• [Task statement]: Since pictures are not wanted in the copy, output only the rest of each record exactly.

• [Given records]:
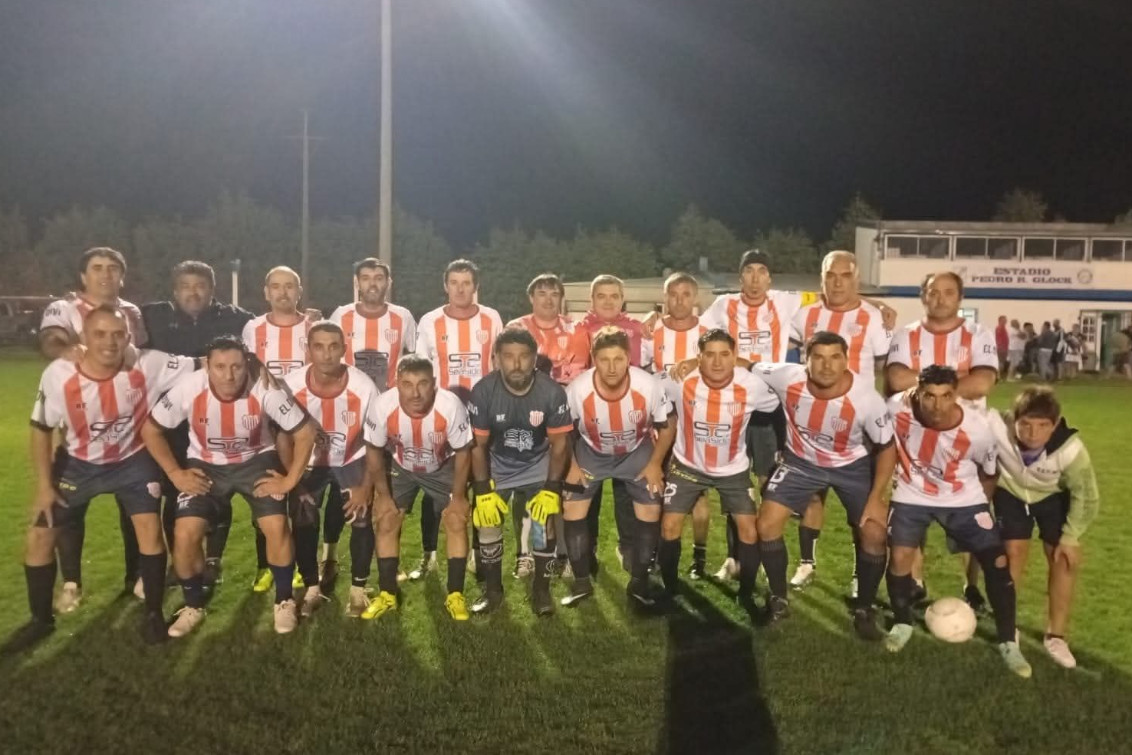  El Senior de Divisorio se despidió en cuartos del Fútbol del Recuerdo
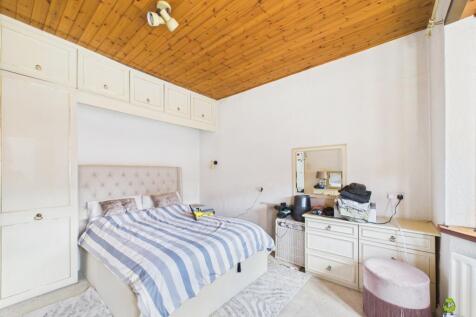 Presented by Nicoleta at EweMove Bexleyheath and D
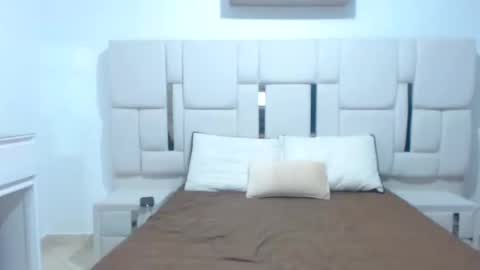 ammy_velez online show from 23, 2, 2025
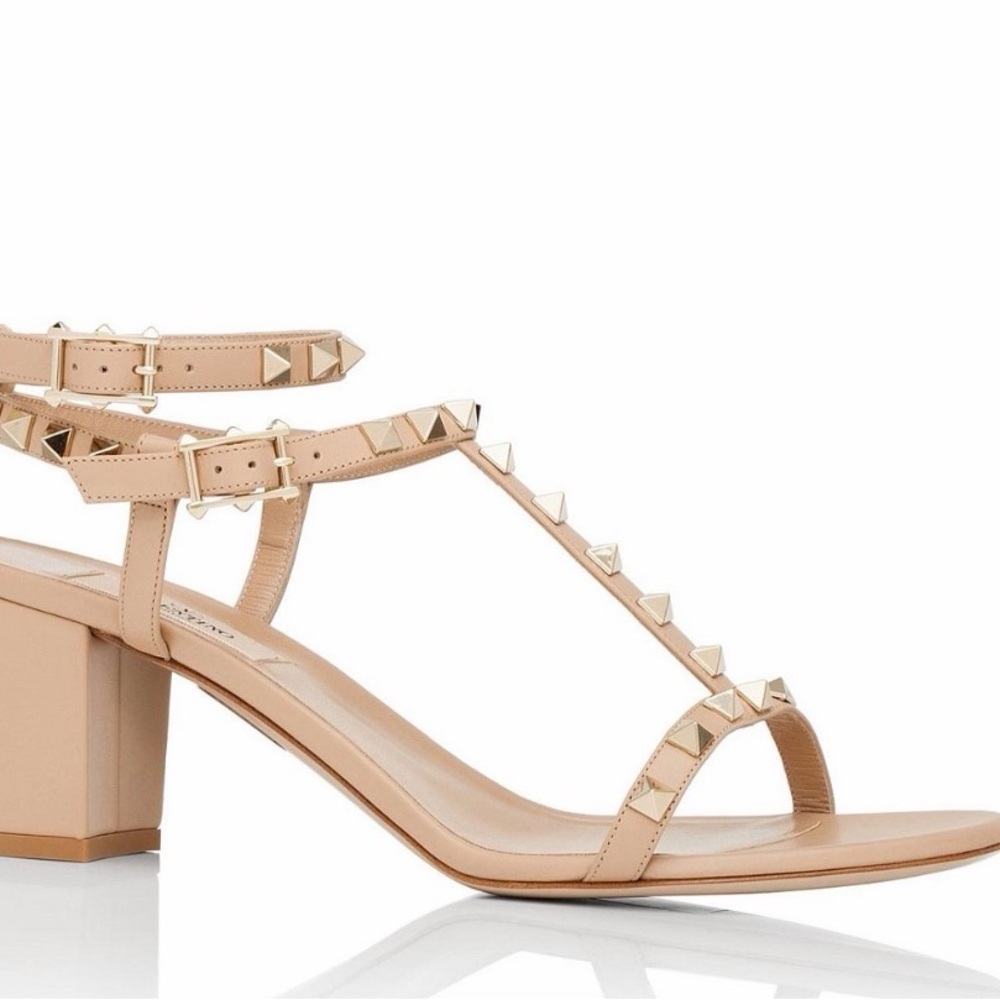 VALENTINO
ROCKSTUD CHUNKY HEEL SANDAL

• [Response area]:
  El Senior de Divisorio se despidió en cuartos del Fútbol del Recuerdo
 Presented by Nicoleta at EweMove Bexleyheath and D
 ammy_velez online show from 23, 2, 2025
 VALENTINO
ROCKSTUD CHUNKY HEEL SANDAL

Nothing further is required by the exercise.